Percy John Daniell (9 January 1889 – 25 May 1946) was a pure and applied mathematician.

==Early life and education==

Daniell was born in Valparaíso, Chile. His family returned to England in 1895. Daniell attended King Edward's School, Birmingham and proceeded to Trinity College, Cambridge (where he was the last Senior Wrangler in 1909). At this time Daniell was an applied mathematician/theoretical physicist.

==Mathematical career==

For a year he lectured at the University of Liverpool and then he was appointed to the new Rice Institute in Houston, Texas. The Rice Institute had him spend a year at the University of Göttingen studying with Max Born and David Hilbert. Daniell was at Rice from 1914 to 1923 when he returned to England to a chair at the University of Sheffield.

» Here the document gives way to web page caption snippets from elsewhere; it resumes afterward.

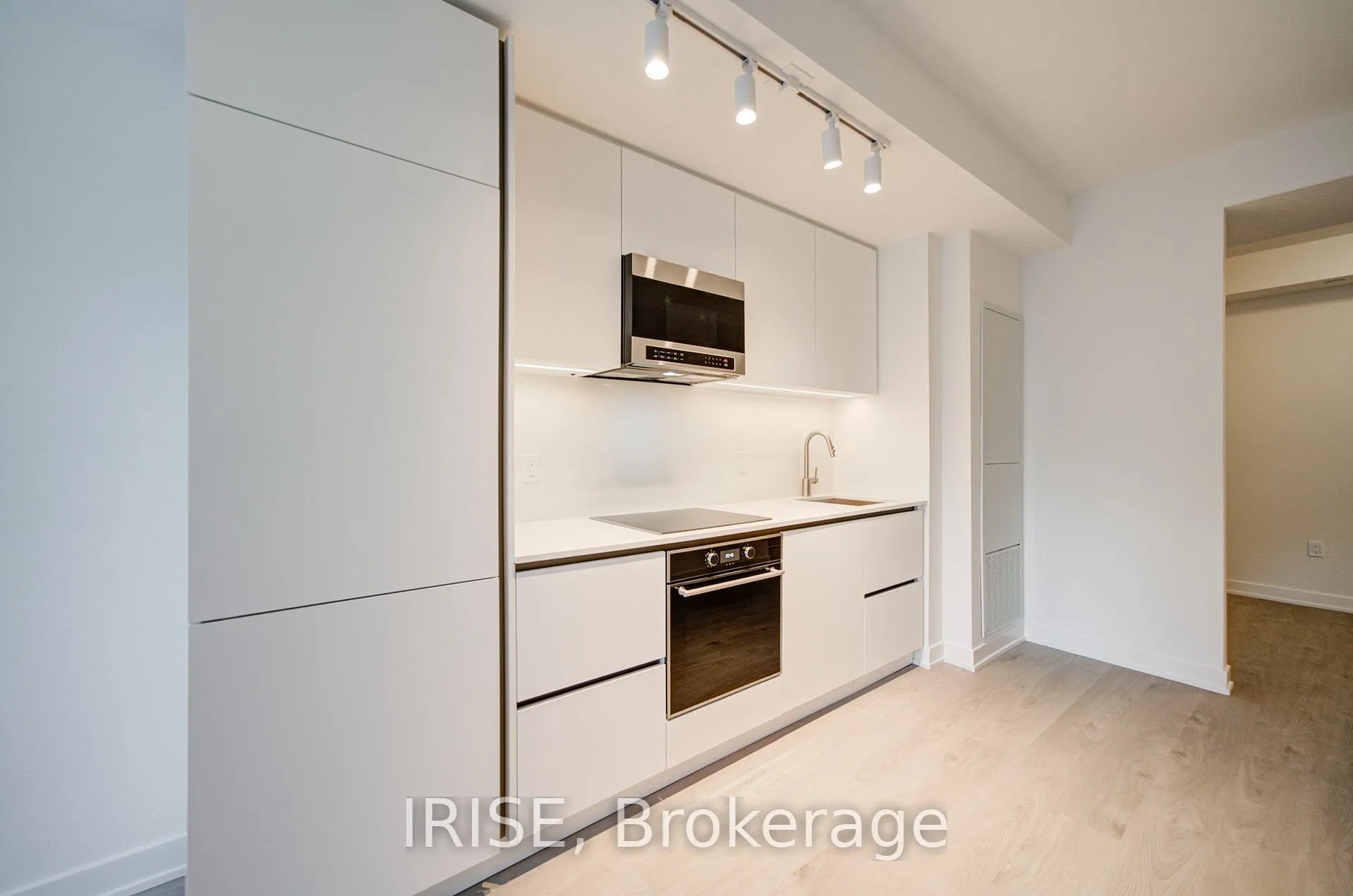 Photo 8 of Unit 1703, 110 Broadway Avenue, Toronto, Mount Pleasant West — HOMEH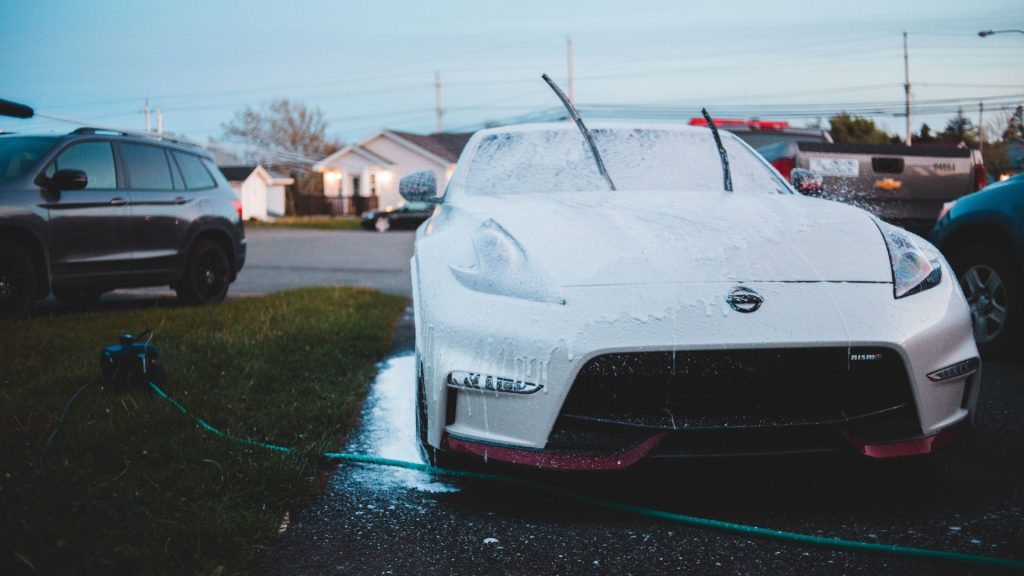 How to Get Sap Off a Car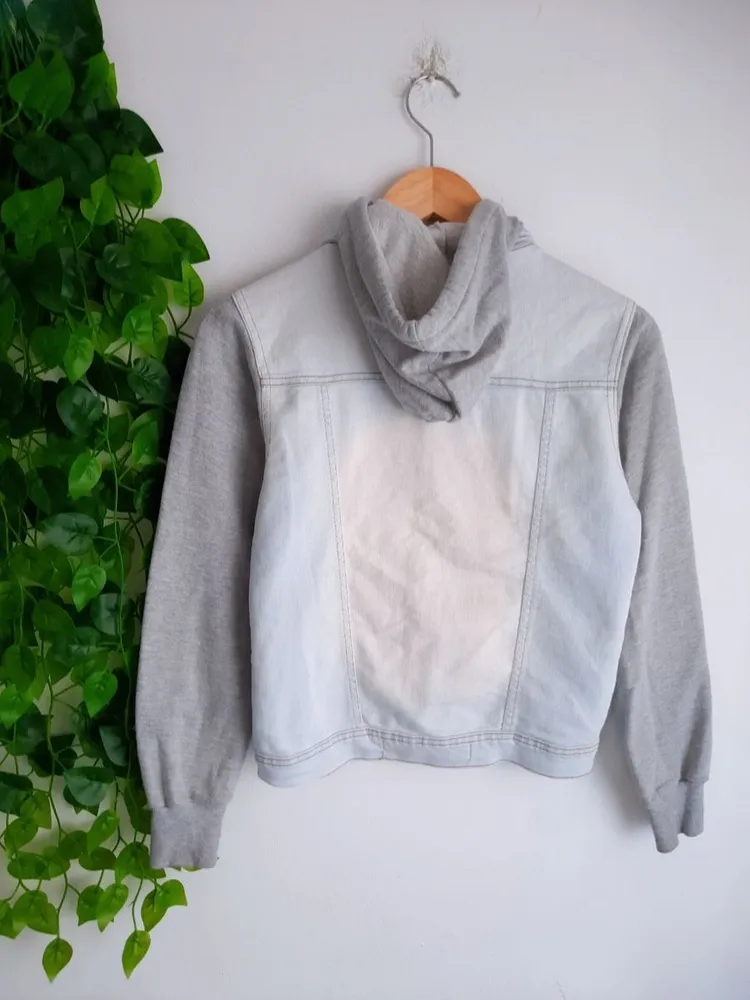 jaqueta jeans com moletom e capuz 36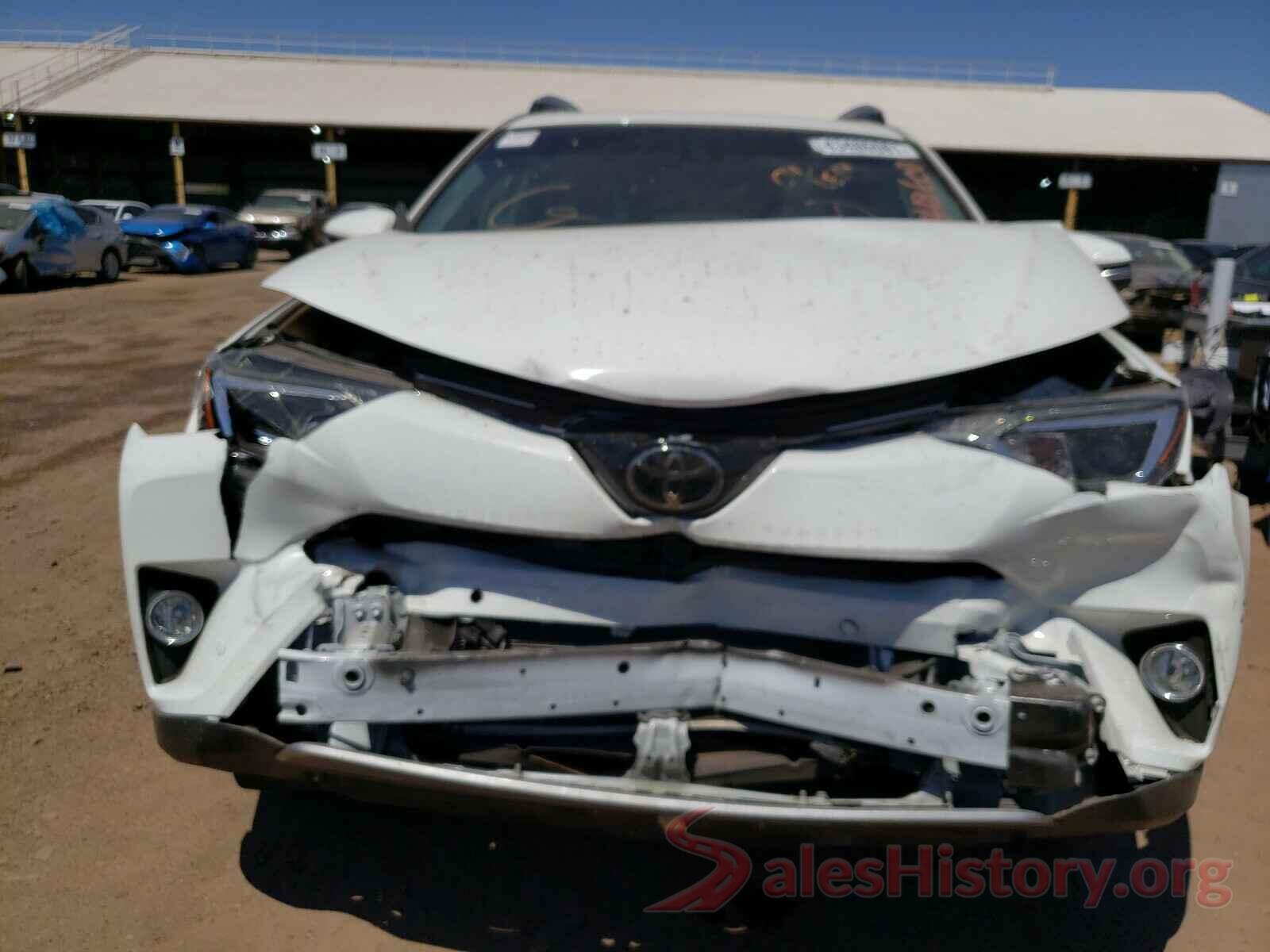 JTMWFREV3JJ167160 2018 TOYOTA RAV4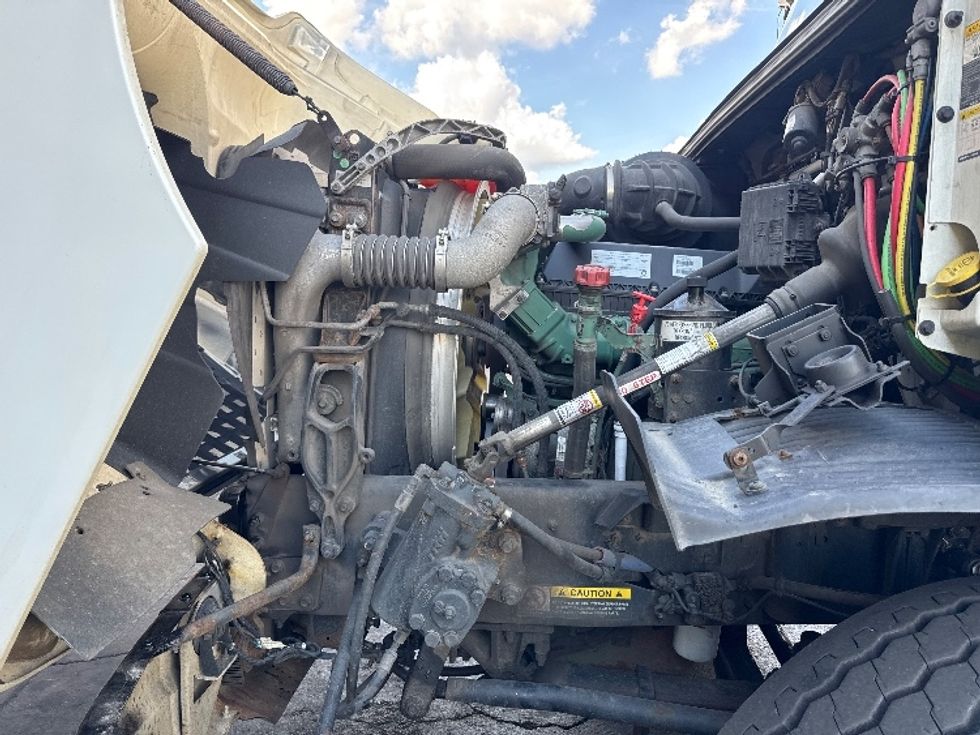 Curtain Side-Light and Medium Duty Trucks-Volvo-2018-VHD64B-Parsippany-NJ-460,208\n\t\tmiles-$ 65,000 - Image 23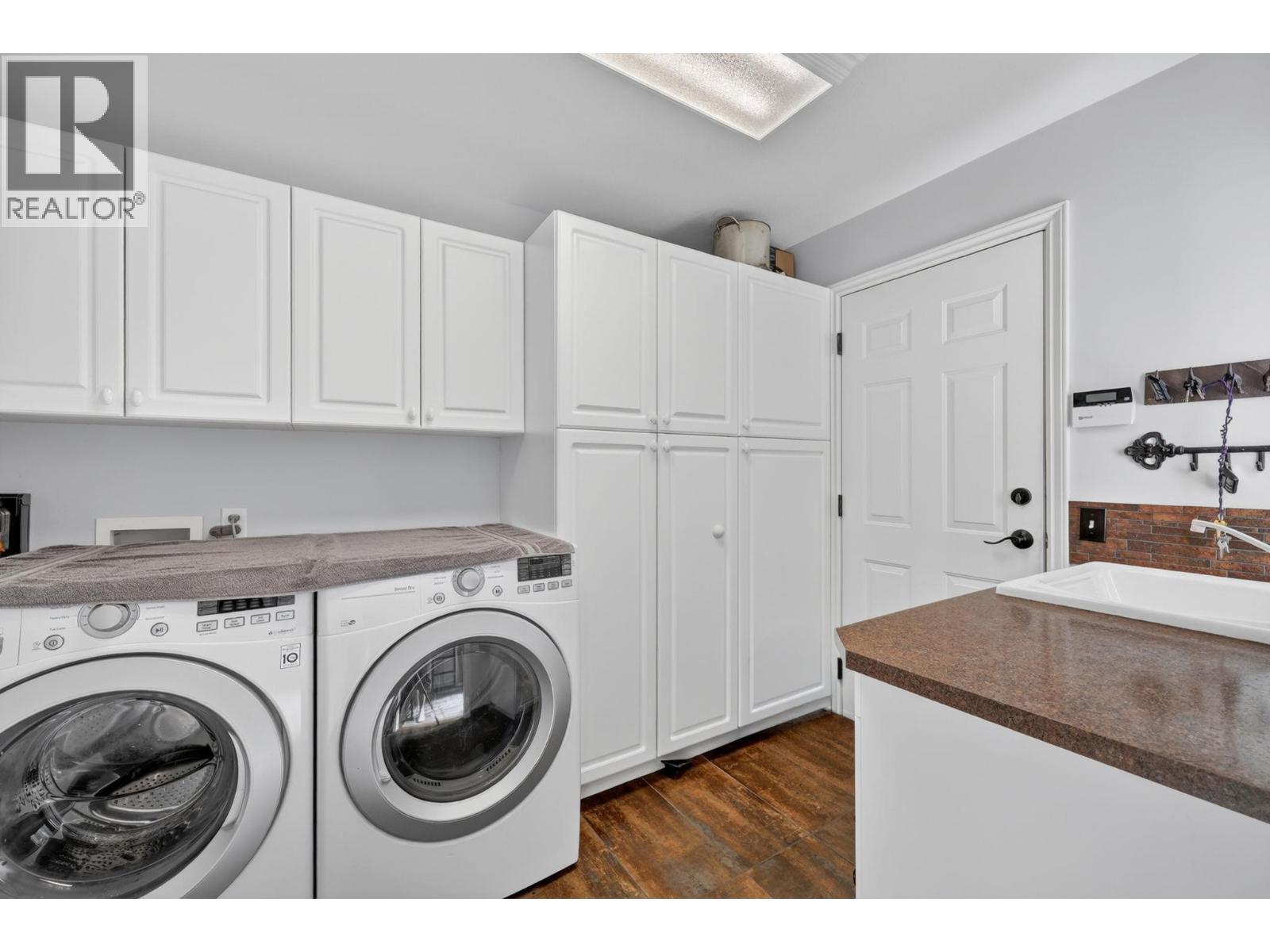 6650 Finch Road, Lake Country, BC - Indoor Photo Showing Laundry Room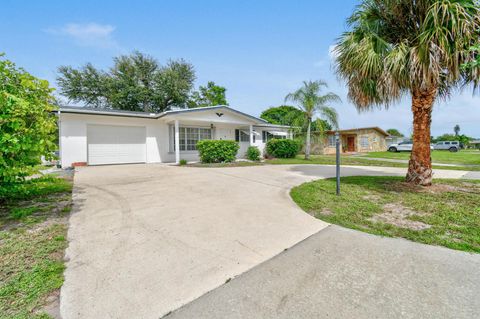 A home in Port St Lucie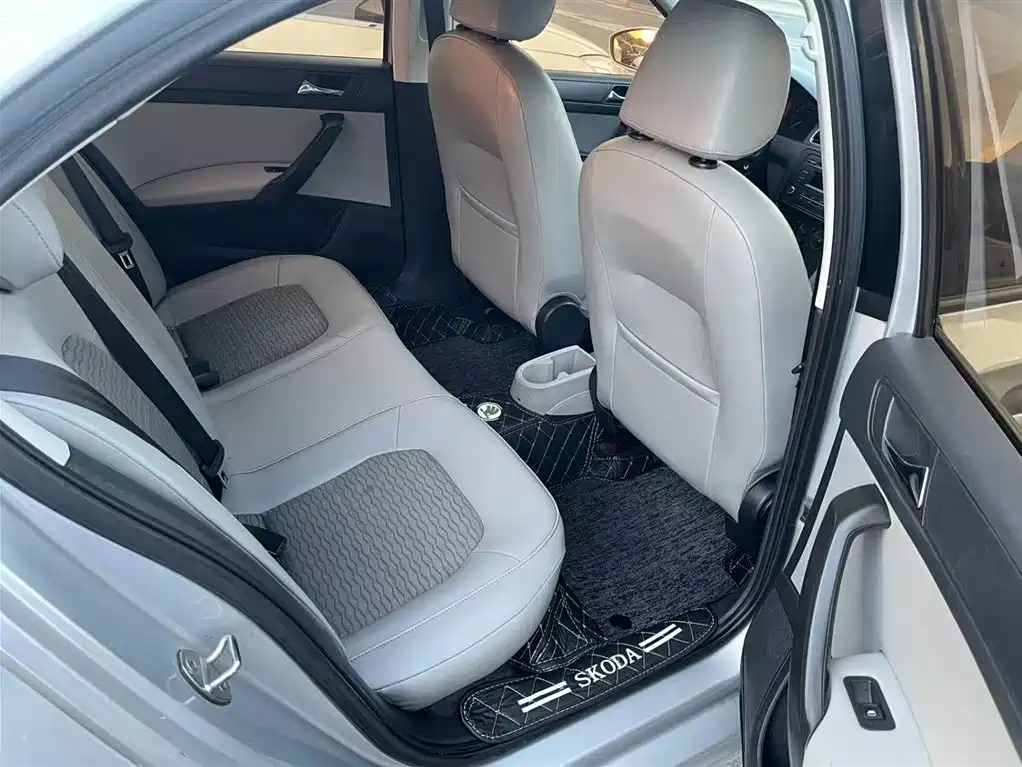 Škoda Rapid 2015 1.6L Automatic Smart Selection фото 6
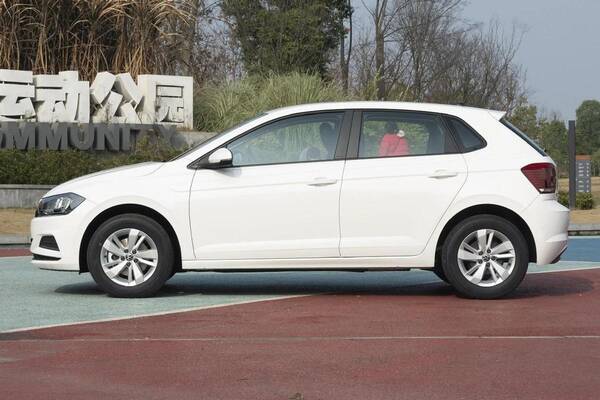 10万左右大众polo，10万落地提走大众POLO，这款两厢小车到底表现如何？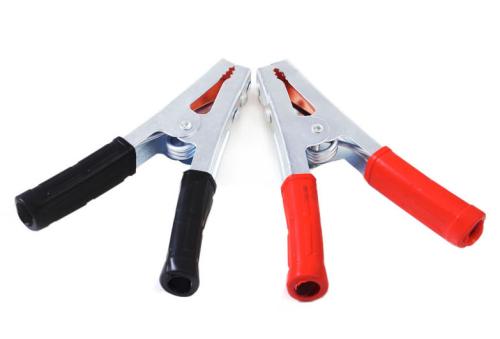 Battery clip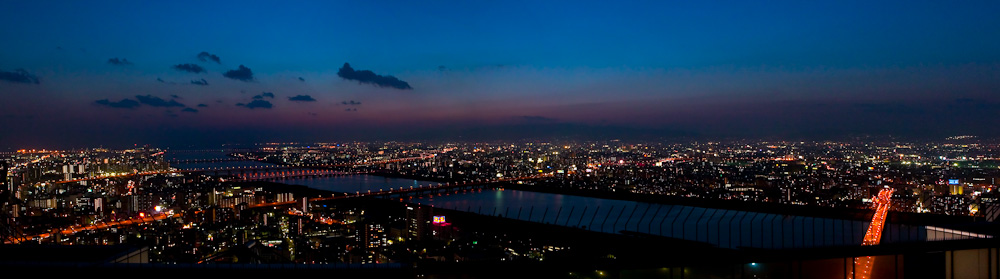 Osaka (JP) bei Nacht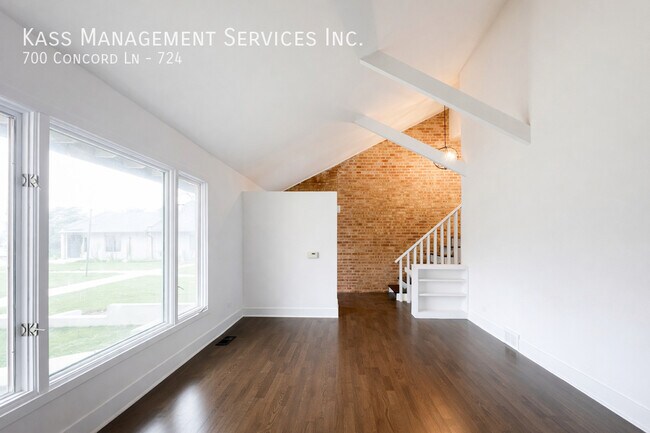 Foto del edificio - 700 Concord Ln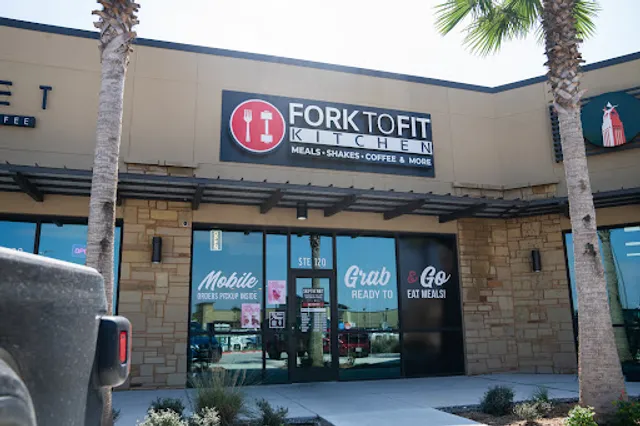 Fork to Fit Kitchen | Tres Lagos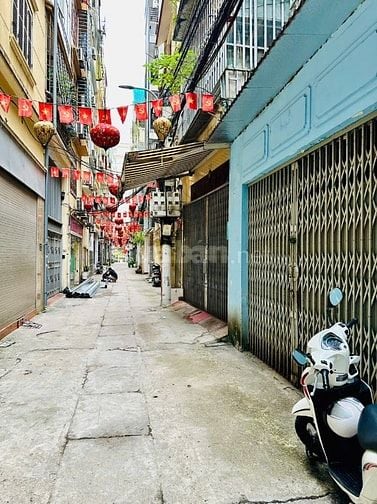 Cho thuê nhà Ngõ ôtô tránh, phố Nguyễn Khang, ngõ thông, KD tốt 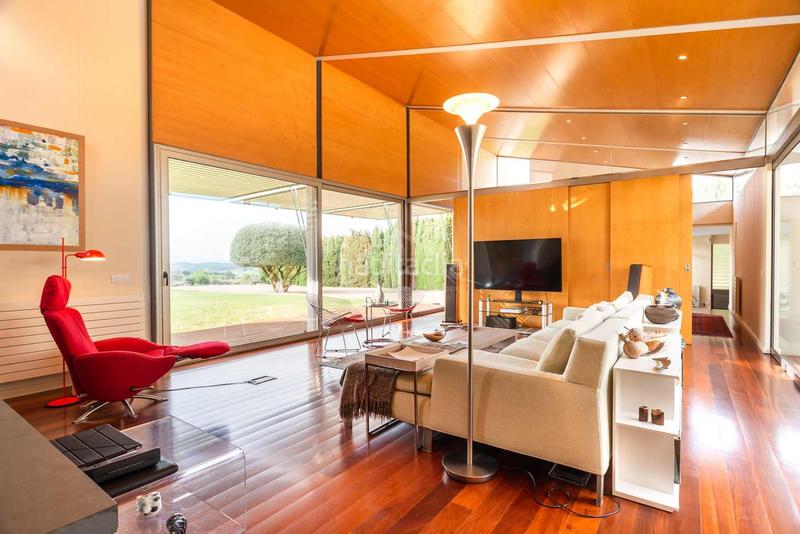 Foto d546c687-bd88-4735-93bb-1bff10fa24d6. Xalet amb calefacció aparcament piscina a Vilopriu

In a series of papers published between 1918 and 1928, he developed and expanded a generalized theory of integration and differentiation, which is today known as the Daniell integral. In the setting of integration, he also worked on results that lead to the Daniell-Kolmogorov extension theorem in the theory of stochastic processes, independently of Andrey Kolmogorov. He was an Invited Speaker of the ICM in 1920 at Strasbourg.

==Death==

During World War II Daniell advised the British Ministry of Supply. The strain of work during the war took a heavy toll on his health. He died on 25 May 1946, after having collapsed at his home a few weeks earlier.